§ **Task requirements**: In the entries below, copy only the lines from the one that contains "Close-up Of A Young Provence Donkey Sticker" through the last line, exactly, and omit any pictures.
* * *
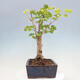 Vonkajší bonsai - Jinan dvojlaločný - Ginkgo biloba - 4/4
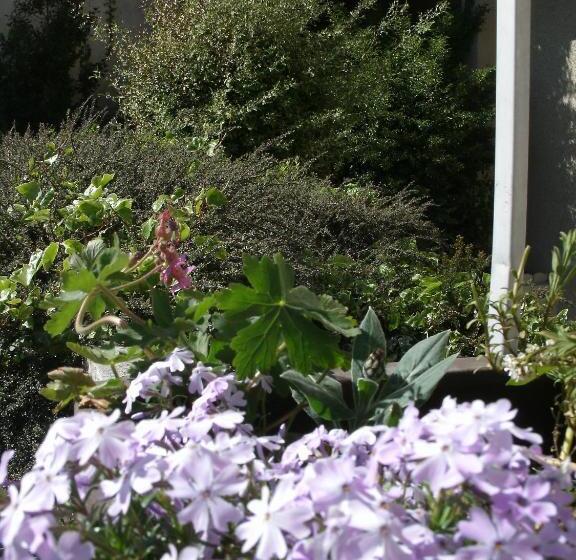 Cit Hotel Saint Jacques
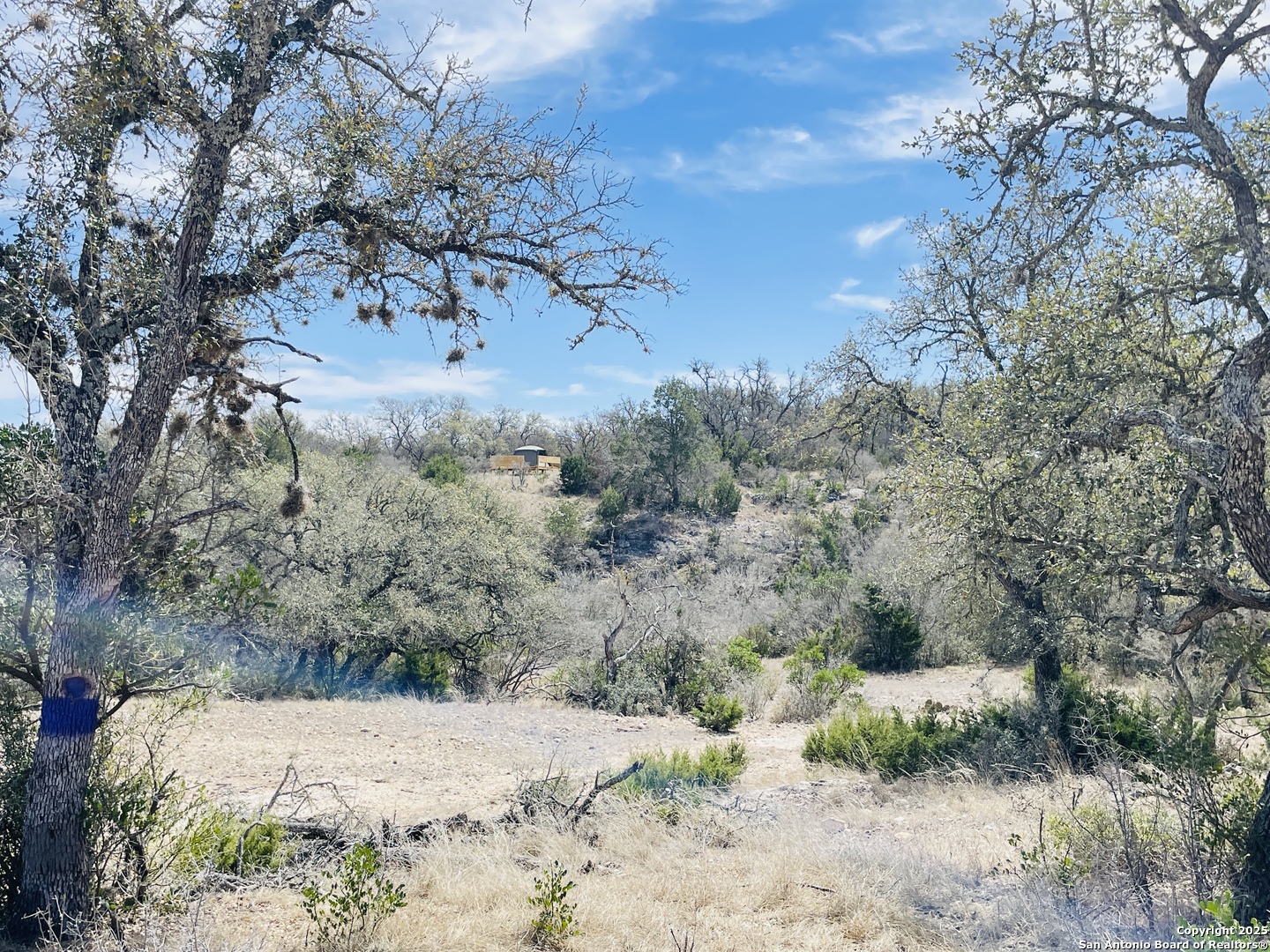 58 SD 43010 Rocksprings, TX 78880 - Photo 8 of 17 a view of a dry yard with trees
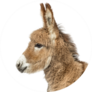 Close-up Of A Young Provence Donkey Sticker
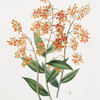 Epidendrum polyanthum. [Many-flowered epidendrum]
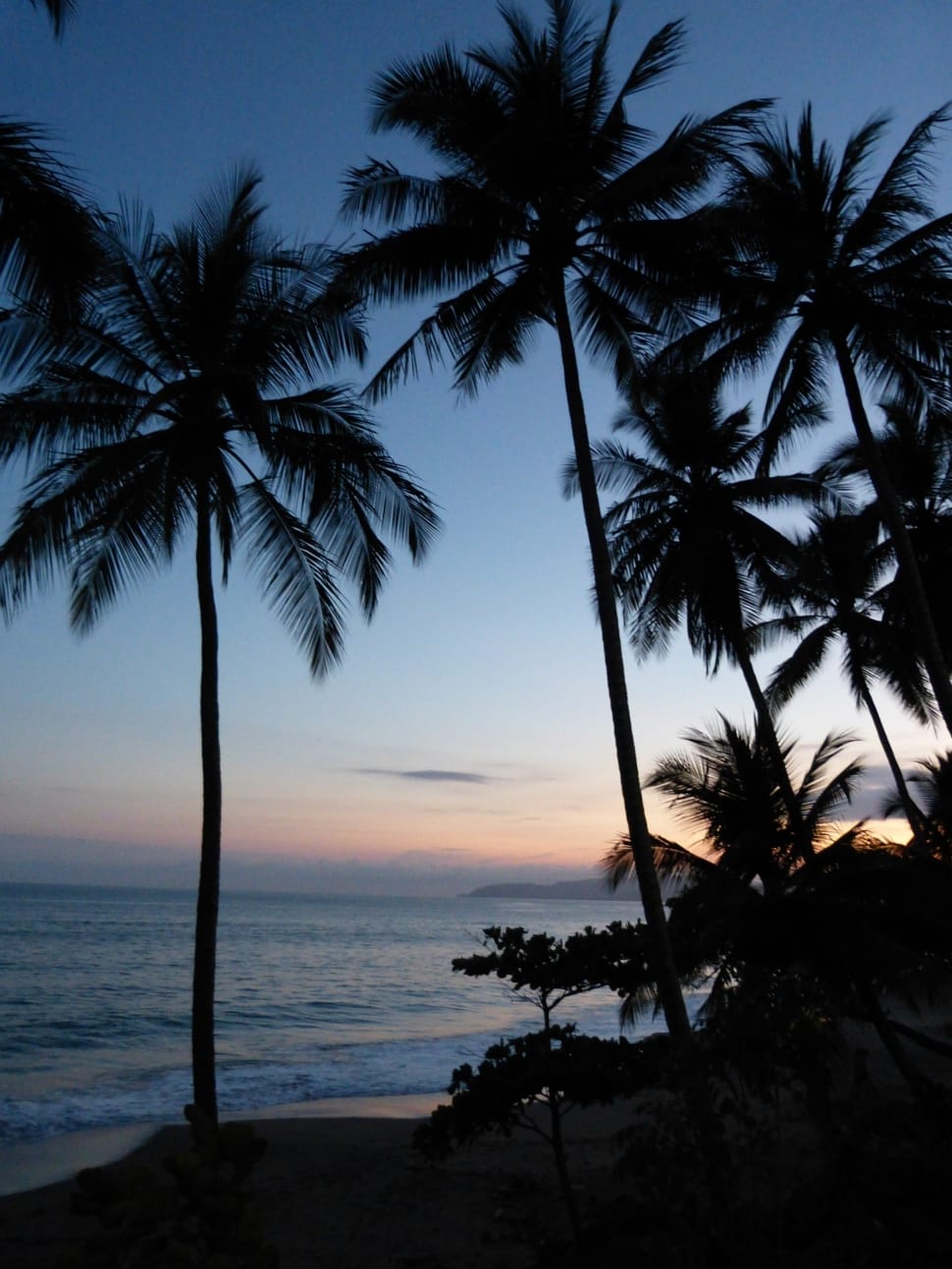 palm tree lot preview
* * *
§ **Reply**:
 Close-up Of A Young Provence Donkey Sticker
 Epidendrum polyanthum. [Many-flowered epidendrum]
 palm tree lot preview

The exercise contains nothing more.